Coverage: How Much Is Enough?

The honest answer: 100% code coverage mandates are often counterproductive. Coverage measures lines executed, not behavior validated. You can have 100% coverage with tests that assert nothing meaningful.

What coverage does tell you:

Areas of the codebase with zero tests — genuine risk
Paths that are never executed in tests — good candidates for review

What coverage doesn’t tell you:

Whether the tests are testing the right behavior
Whether the tested behavior is correct
Whether edge cases are handled

The pragmatic threshold:

New code should have tests for its intended behavior and error paths
A coverage drop on a PR should trigger a review, not a hard failure
Business-critical paths (checkout, payments, auth) should have higher coverage than admin utilities
Legacy code: don’t mandate coverage; add tests when you touch a file (Boy Scout Rule)

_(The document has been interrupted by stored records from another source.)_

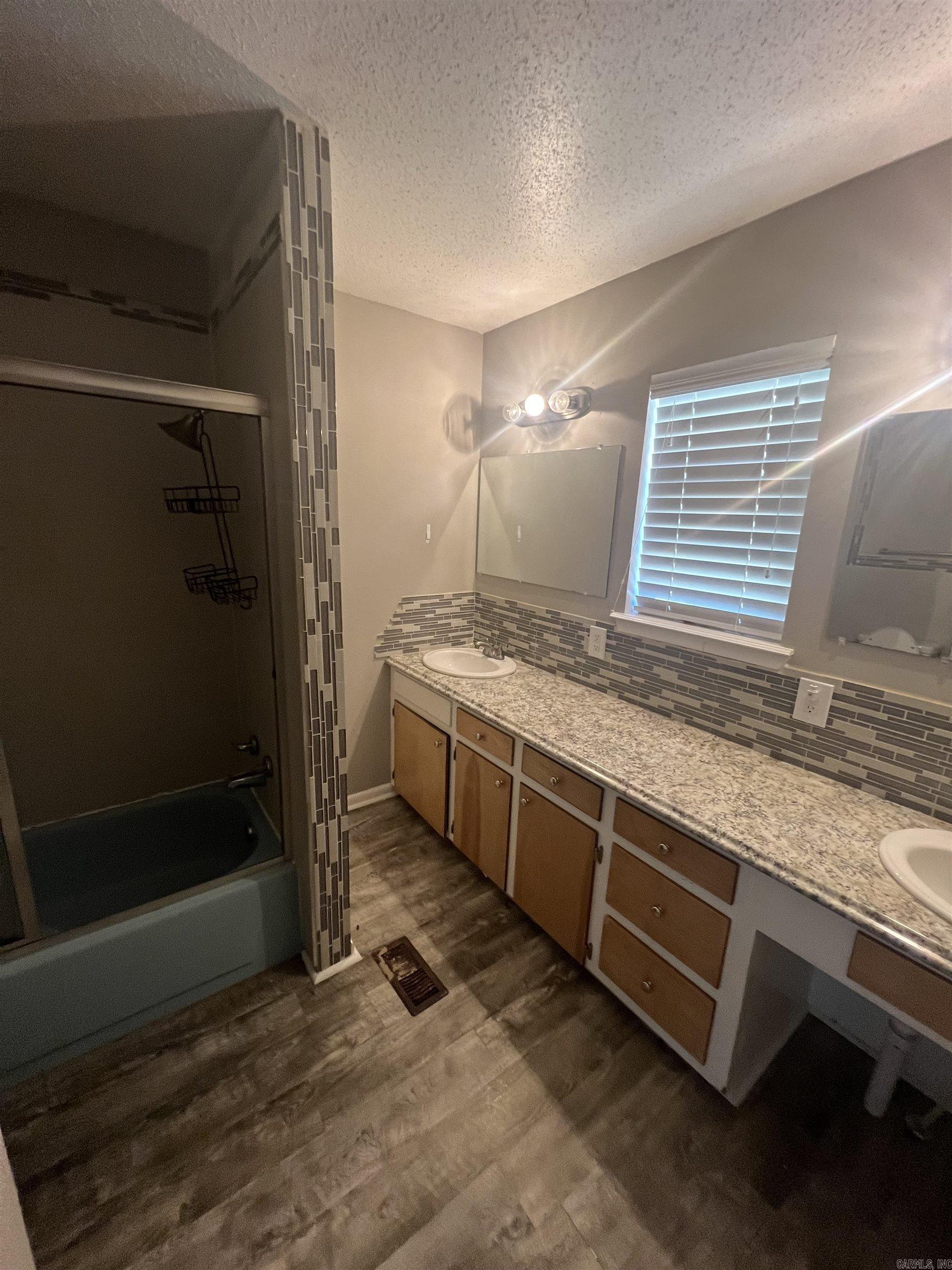 MCNEIL - Residential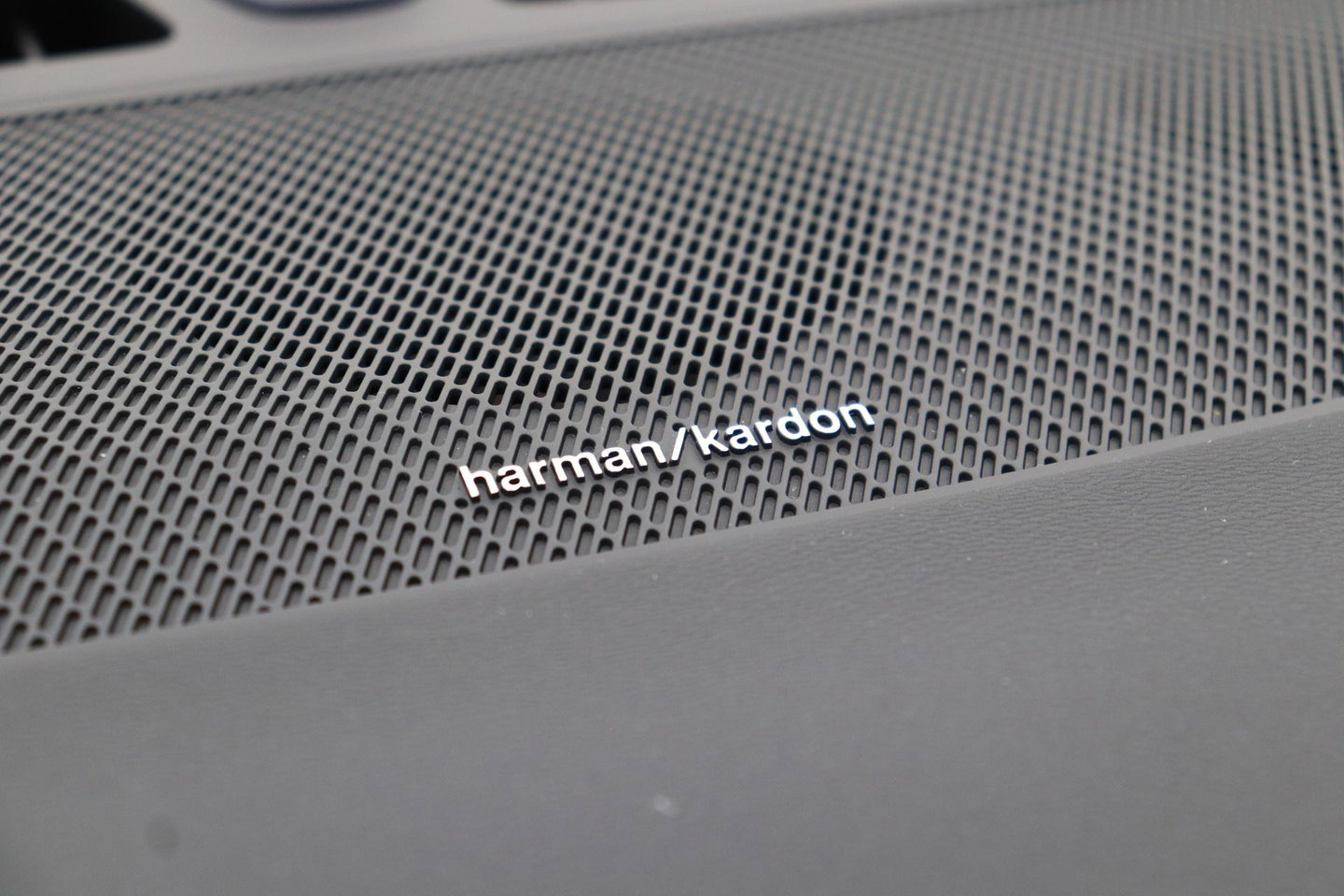 Volvo EX40 Single Motor Extended Range Plus Black Ed. 82 kWh | ACC | Panoramadak | 360° Camera | Harman/Kardon | BLIS | 20 Inch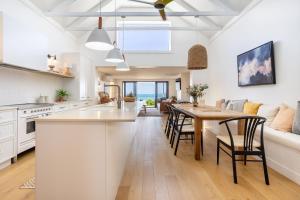 Waterfront On Wattle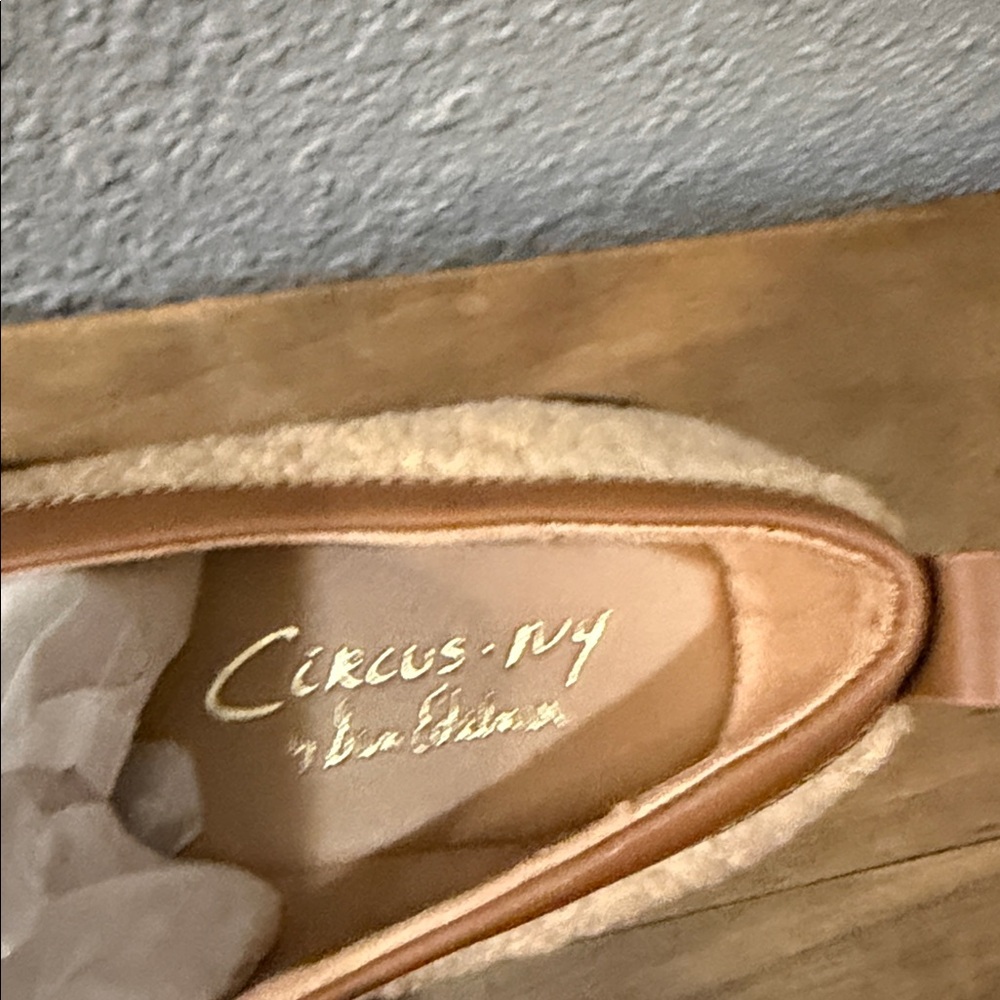 Circus by Sam Edelman Women's Brown and Tan Loafers size 8 New in Box - Picture 6 of 10
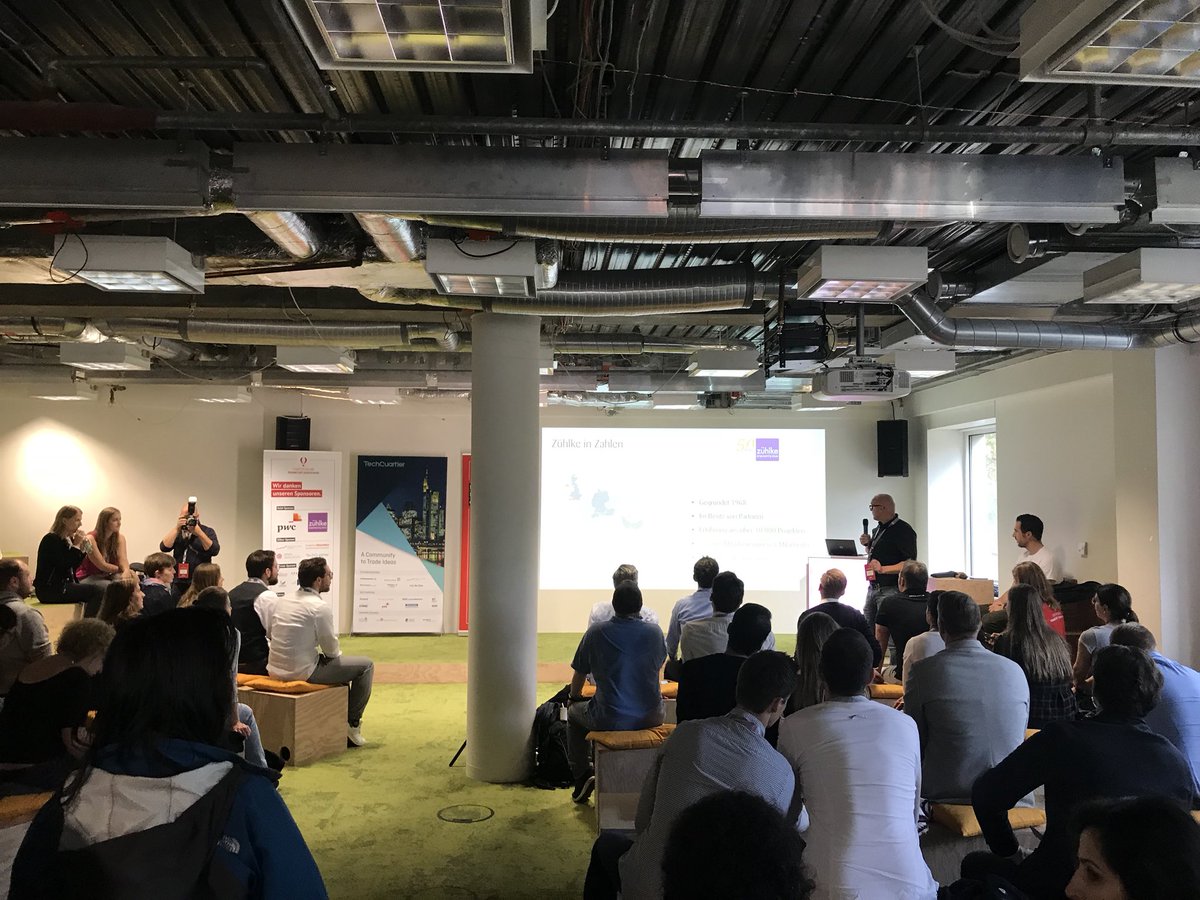 dputsche's tweet image. Stefan von der @zuehlke_group eröffnet gemeinsam mit @CarolinW die @SAFARIFRM. Danke für die gute Zusammenarbeit, Stefan und Team!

Pushing back on “100% coverage” mandates: “Coverage is a proxy metric, not a goal. We should be asking ‘are the critical behaviors tested?’ not ‘is every line executed?’ I’d rather have 70% coverage with tests that actually validate correctness than 100% coverage with tests that check implementation details.”

Testing Distributed Systems

Testing a distributed system is qualitatively harder than testing a monolith. The failure modes you need to test don’t show up in unit tests: network partitions, timeouts, duplicate messages, out-of-order events.

Testcontainers for realistic integration: Real Kafka, real Postgres, real Redis. Tests reflect what actually runs in production, not in-memory mocks that behave differently.

Chaos testing: Randomly inject failures in a controlled environment — kill a pod, add latency, drop network packets. Chaos Monkey, Chaos Mesh, AWS Fault Injection Simulator. The goal: discover failure modes before users do. Run in pre-prod, not in prod (until you’re mature).

Contract tests for service boundaries: Pact for API contracts. Reduces E2E test dependency.

Consumer-side stub servers: Wiremock or MockServer — run a stub that returns pre-recorded responses from the real service. Useful for testing a consumer in isolation without the real service.

The hardest thing to test: “What happens when message X arrives twice?” “What happens when the DB is down for 30 seconds mid-operation?” These scenarios require intentional fault injection in tests.

The EM stance on test investment: The most valuable tests are the ones that catch bugs before production and run fast enough to not be skipped. A 30-minute CI pipeline that flaps 20% of the time is worse than a 5-minute pipeline with 80% coverage that everyone trusts. Invest in test stability and speed before coverage percentage.